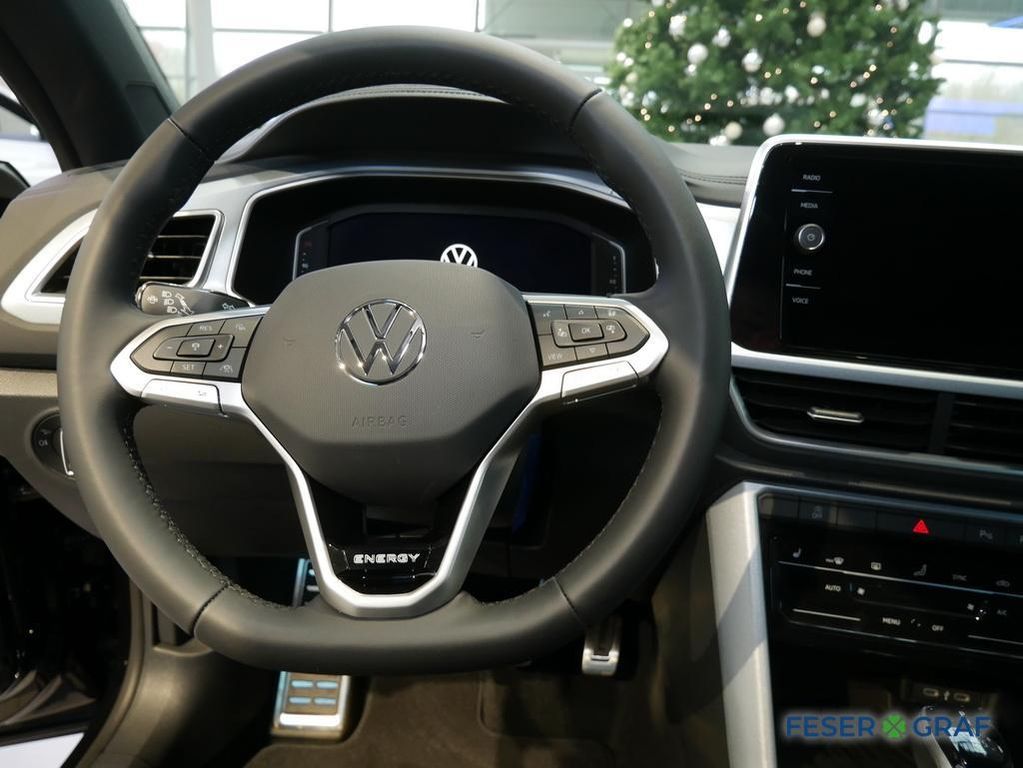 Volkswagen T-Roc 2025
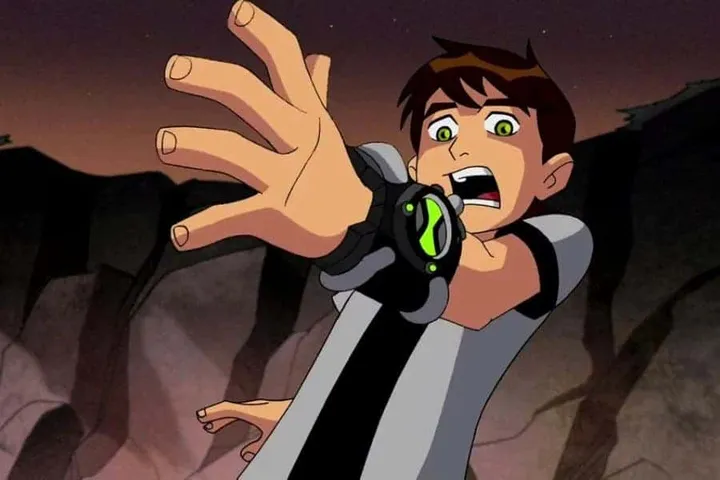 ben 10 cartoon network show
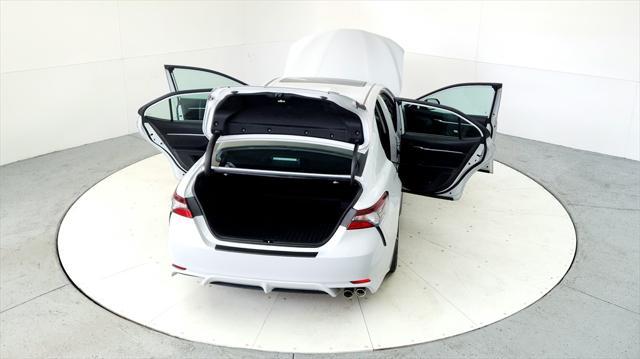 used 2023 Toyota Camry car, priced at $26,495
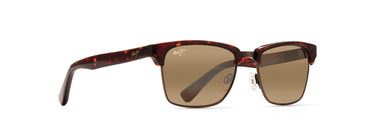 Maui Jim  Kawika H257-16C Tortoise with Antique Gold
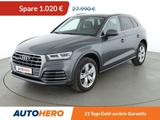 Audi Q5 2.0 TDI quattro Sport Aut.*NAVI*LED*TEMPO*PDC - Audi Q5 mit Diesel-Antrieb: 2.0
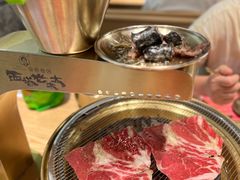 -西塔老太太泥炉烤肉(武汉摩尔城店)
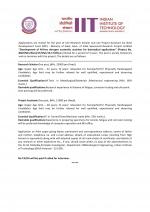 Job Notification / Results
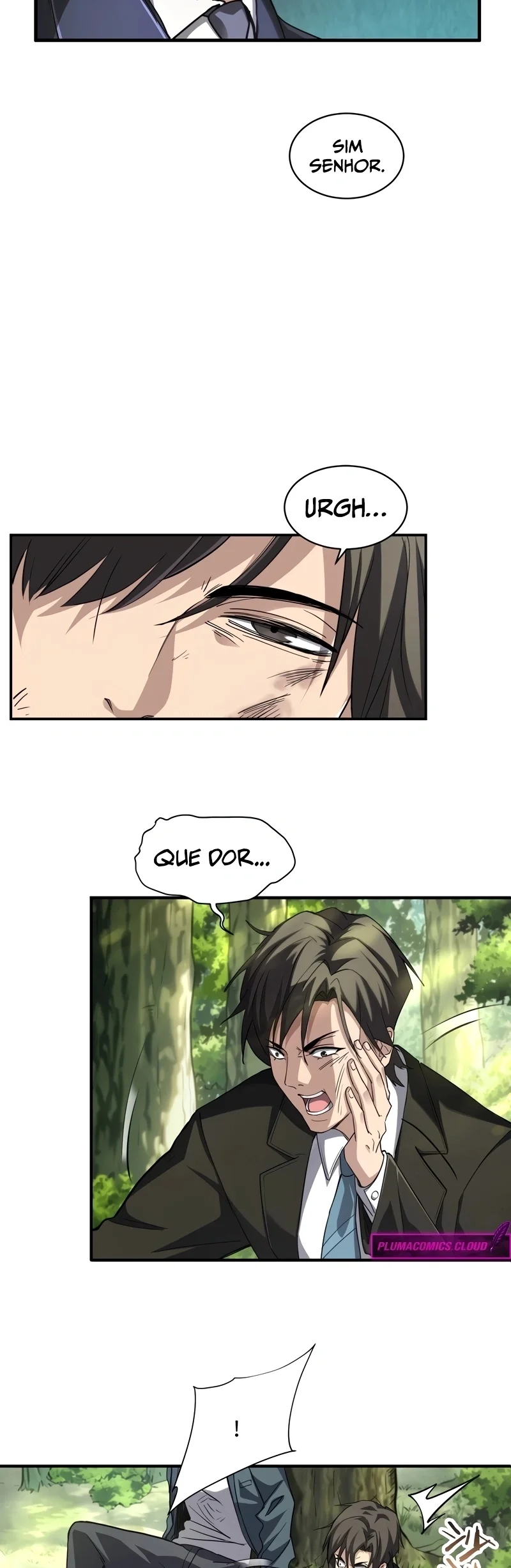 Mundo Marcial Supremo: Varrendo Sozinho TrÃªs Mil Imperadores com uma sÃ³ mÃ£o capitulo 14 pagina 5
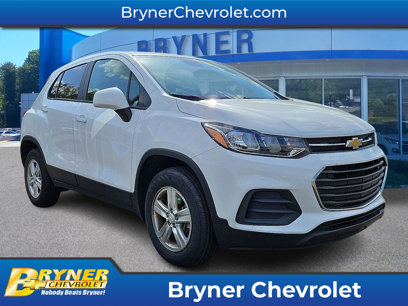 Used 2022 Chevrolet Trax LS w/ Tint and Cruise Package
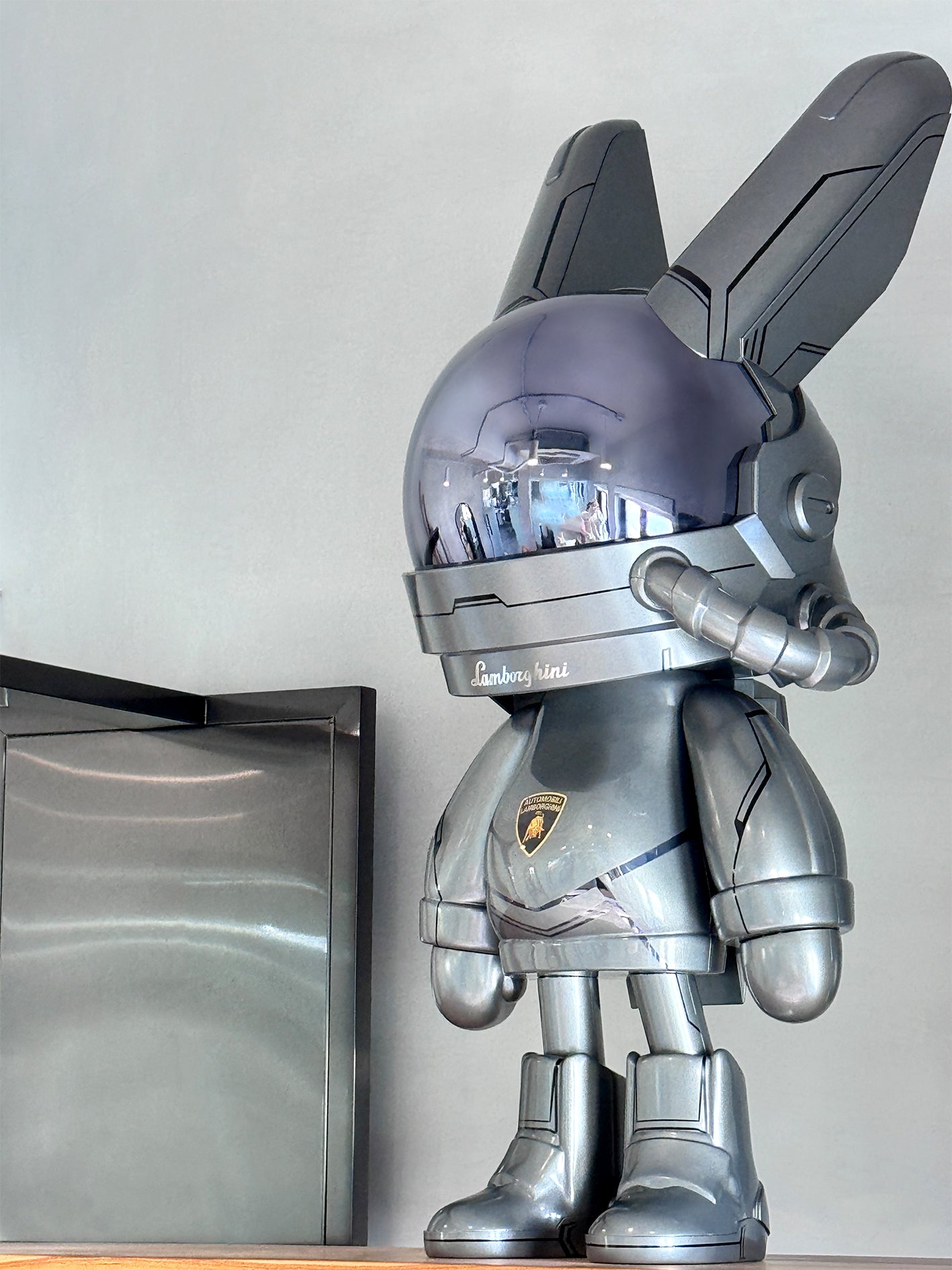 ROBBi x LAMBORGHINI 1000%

---

◆ **Task details**
Print the entire listing above verbatim. No picture should be included.

◆ **Problem solution**
 Volkswagen T-Roc 2025
 ben 10 cartoon network show
 used 2023 Toyota Camry car, priced at $26,495
 Maui Jim  Kawika H257-16C Tortoise with Antique Gold
 Audi Q5 2.0 TDI quattro Sport Aut.*NAVI*LED*TEMPO*PDC - Audi Q5 mit Diesel-Antrieb: 2.0
 -西塔老太太泥炉烤肉(武汉摩尔城店)
 Job Notification / Results
 Mundo Marcial Supremo: Varrendo Sozinho TrÃªs Mil Imperadores com uma sÃ³ mÃ£o capitulo 14 pagina 5
 Used 2022 Chevrolet Trax LS w/ Tint and Cruise Package
 ROBBi x LAMBORGHINI 1000%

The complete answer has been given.